Все-таки, зачем меня Шуриков вызвал? Что ему надо?
Погоди-ка, а вдруг решили дать расконвойку? Виташинского тоже вот так же вызывали, а после расконвоировали: на объект ходит теперь не в партии, а по обочине дороги; да еще хвастается, что скоро ему, паразиту-придурку, в город разрешат поехать за радиолампами. Ушлый тип, начальству приемники мастырит — приспособился, многих вольных взял на этот крючок... Говорят, даже самого Шурикова... Приемники-то запрещено теперь иметь — с первых дней войны отобрали; а инженер Виташинский мастырит втихую, для начальства... Вдруг и меня тоже хотят расконвоировать?
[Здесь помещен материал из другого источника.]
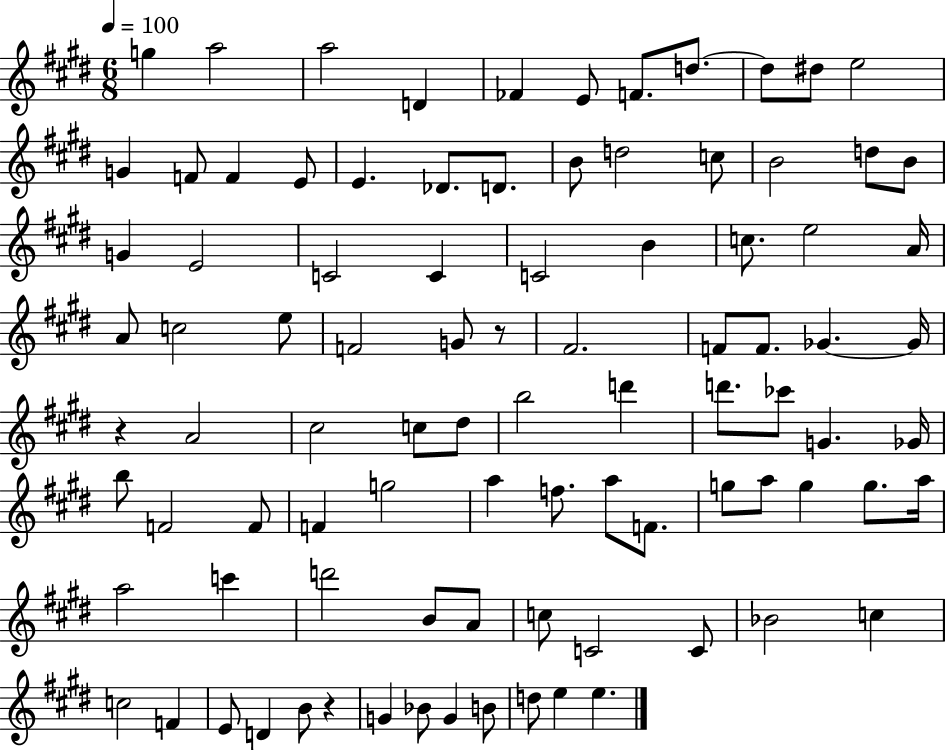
X:1
T:Untitled
M:6/8
L:1/4
K:E
g a2 a2 D _F E/2 F/2 d/2 d/2 ^d/2 e2 G F/2 F E/2 E _D/2 D/2 B/2 d2 c/2 B2 d/2 B/2 G E2 C2 C C2 B c/2 e2 A/4 A/2 c2 e/2 F2 G/2 z/2 ^F2 F/2 F/2 _G _G/4 z A2 ^c2 c/2 ^d/2 b2 d' d'/2 _c'/2 G _G/4 b/2 F2 F/2 F g2 a f/2 a/2 F/2 g/2 a/2 g g/2 a/4 a2 c' d'2 B/2 A/2 c/2 C2 C/2 _B2 c c2 F E/2 D B/2 z G _B/2 G B/2 d/2 e e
А что? — у него полная десятка, а у меня только шесть лет. Вполне могут дать пропуск на вольное хождение.
Мамочка! Увидела бы ты меня на улице! Как пойду по тротуару в сапогах!.. Если меня за вахту выпустят — расшибусь, а сапоги достану! Кирзовые, солдатские!..
— Войдите, Ставин!
Шуриков неслышно и внезапно распахнул дверь. Он стоял на пороге и улыбался приветливо.
Вот, значит, он какой, этот майор Шуриков: невысокий, толстенький; щеки к подбородку мешочками свисают; на курносом носике круглые роговые очки. Брюки, гимнастерка чуть поношенные, и выглядит Шуриков простенько, по-домашнему. А сапоги-то у него хромовые... нет, шевровые сапожки, мягонькие.
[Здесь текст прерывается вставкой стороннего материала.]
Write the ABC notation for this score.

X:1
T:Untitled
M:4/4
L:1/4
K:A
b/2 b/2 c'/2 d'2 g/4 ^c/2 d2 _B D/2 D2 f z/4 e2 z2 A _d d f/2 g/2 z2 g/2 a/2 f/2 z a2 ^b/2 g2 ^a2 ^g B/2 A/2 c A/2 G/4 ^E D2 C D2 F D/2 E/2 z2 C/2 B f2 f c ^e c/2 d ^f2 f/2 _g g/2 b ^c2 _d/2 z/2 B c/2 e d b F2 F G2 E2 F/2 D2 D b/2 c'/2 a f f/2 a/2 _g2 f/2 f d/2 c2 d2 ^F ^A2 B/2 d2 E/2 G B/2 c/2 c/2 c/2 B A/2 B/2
В кабинете темно. Толстые шторы на окнах. Только настольная лампа бьет в стекла на зеленом сукне. Свет отражается в очках майора и едва мерцает на новеньких погонах.
Что же ему надо от меня, этому Шурикову? Хочет расконвоировать? А зачем? О чем будет спрашивать? Что буду отвечать?
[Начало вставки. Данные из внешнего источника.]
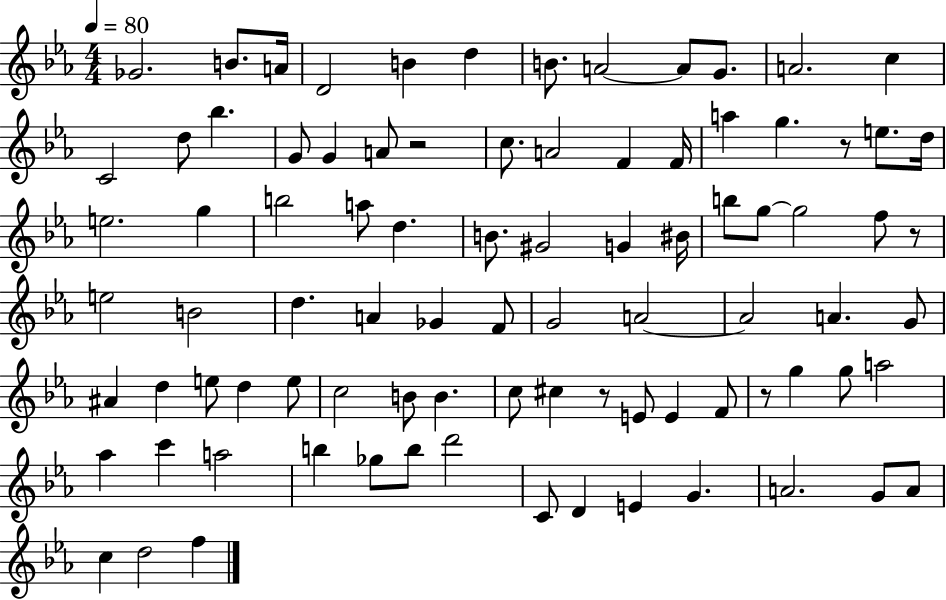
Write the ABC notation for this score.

— Садитесь, Ставин. Присаживайтесь. Располагайтесь.
В кабинете два кресла: одно в самом углу, за столом; другое — новенькое — с этой стороны стола. Ну, и конечно, посредине комнаты — простейший древнетрестовский стул. Господи, сколько раз на таких вот стульях!..
— Садитесь, Ставин... Да нет, не сюда, не сюда... Вы к столу присаживайтесь. Прошу в кресло, к столу... Запросто!
Это похуже. Когда сидишь на стуле посреди комнаты („ладони рук должны неподвижно лежать на коленях") — тогда все ясно, что к чему... А кресло напружинилось, клеенка на нем скользкая.
— Как живете, Ставин? Давно хотел познакомиться с вами, да некогда все. Курите, пожалуйста.
Ага. Так уж везде. Как это у Багрицкого? — „А штабной имел к допросу старую привычку — предлагает папиросу, зажигает спичку..." Профессионал. Что же ему надо? Подбирается, как змей.
— Мне говорили, что вы замечательный музыкант, трубач? Учились специально?
— Нет, я учился в оптико-механическом. У нас там был духовой оркестр; маленько наловчился.
— Ни разу не видел вас на концертах лагерной самодеятельности.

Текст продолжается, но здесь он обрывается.